City could dissolve organization if rapid reforms not made

By Pat Sherman/SDUN Assistant Editor

In the wake of a stinging grand jury report the San Diego City Council has sent Uptown Partnership a strong message—voting to approve only three months of funding for the agency instead of its usual one-year contract.
The nonprofit Uptown Partnership has been barraged with criticism from community members who question the way the group has managed parking meter revenues in Hillcrest, Mission Hills, Park West, Bankers Hill and Five Points, where Washington and India streets meet.

Since incorporating in 1999 Uptown Partnership has received 45 percent of the $1.9 million in annual meter revenues the city collects in those communities. The county grand jury report found that, during that time, the partnership spent about three times more on operating expenses than on tangible projects, creating less than 50 new parking spaces.

In voting to accept the short-term funding, the group’s board of directors issued three-month notices to its staff members.

“I don’t want to see anyone lose their jobs,” said City Councilmember Todd Gloria, who proposed the three-month funding.

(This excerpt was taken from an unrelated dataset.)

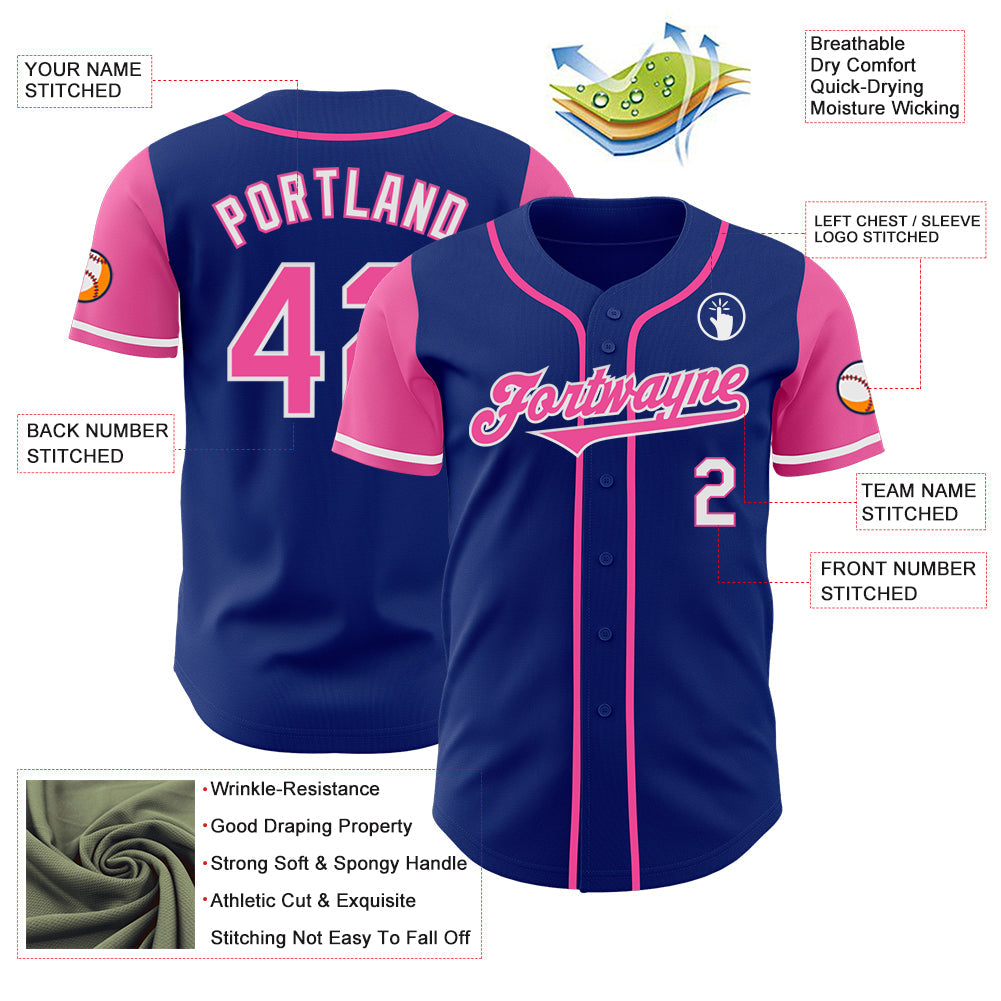 Custom Royal Pink-White Authentic Two Tone Baseball Jersey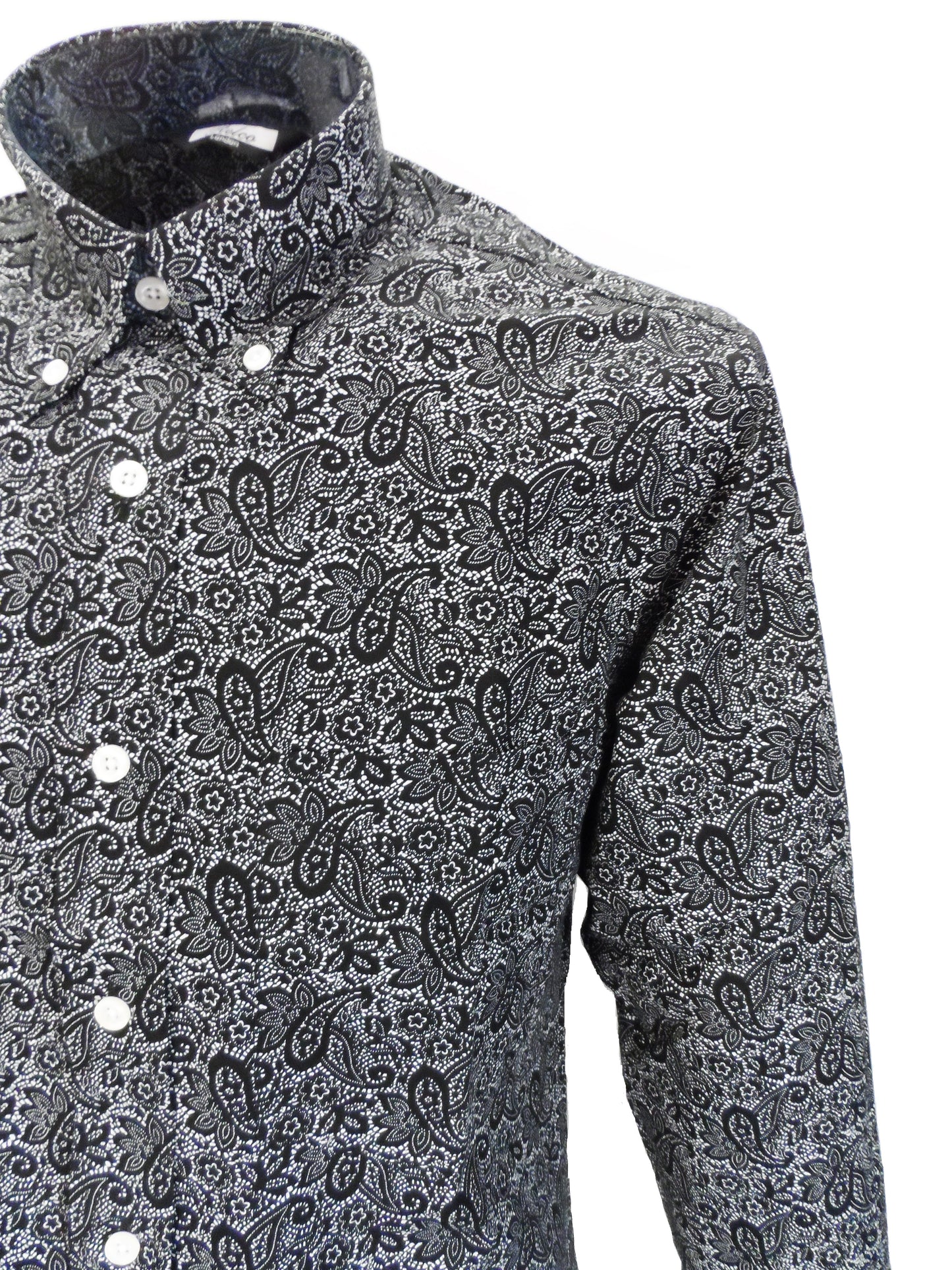 Relco Black Paisley Cotton Long Sleeved Retro Mod Button Down Shirts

However, noting his constituents’ much-publicized dissatisfaction with the “size of Uptown Partnership’s overhead relative to the projects that have been completed” Gloria said a reduction in staff or pay cuts may be imminent.

“Part of the mayor’s response to the grand jury report—and this is for all parking districts, not just Uptown—is to see a reduction in the overhead,” Gloria said. “If that’s going to be a policy that’s going to have to be implemented in the not-too-distant future, it really behooves Uptown Partnership [to act] sooner than later.”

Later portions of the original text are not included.